Dar consejo al hombre avisado es superfluo; darlos al ignorante es poca cosa. 
Séneca



“Te voy a ser sincero…” Cuando alguien empieza una conversación de ese modo puedes levantarte y empezar a buscar en la rebotica las mejores tiritas, el mejor anti-inflamatorio, que puedas encontrar porque, a buen seguro, no saldrás indemne de ese pronto que, sin quererlote mostrará una intimidad desnuda, unos pensamientos y unas emociones que quizá preferirías no saber.
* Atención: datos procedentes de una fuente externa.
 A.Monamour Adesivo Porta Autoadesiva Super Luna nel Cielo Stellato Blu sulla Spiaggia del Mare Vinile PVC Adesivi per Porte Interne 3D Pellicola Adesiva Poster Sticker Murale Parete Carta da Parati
La sinceridad tiene un doble filo como la más peligrosa de las dagas, y bajo la apariencia de una bondad encomiable se esconde una verdadera trituradora. 


Dudo de la necesidad de ser siempre sincero. La sinceridad debe dosificarse porque, como el mercurio, envenena y pocas veces cura nada. No son pocas las ocasiones en las que me pregunto el motivo por el qué alguien decide desnudarse ante otro sin parapeto, ni para él, ni para el que tiene en frente. La respuesta que casi siempre me he dado ha sido la misma, la necesidad de liberar el peso de su conciencia. Los ataques de sinceridad nunca aparecen de modo espontáneo. Es el reconcome interior que no deja vivir el que suele acabar abocando a confesiones casi siempre perturbadoras.


Por eso, algunas cualidades aparentemente loables del ser humano deben ser usadas con cuidado. Hay algunas sinceridades que no son necesarias o, siéndolo, sus consecuencias van a ser tan catastróficas que bien merecen ser ahogadas con un trago de vodka, un somnífero o una confesión a la nada.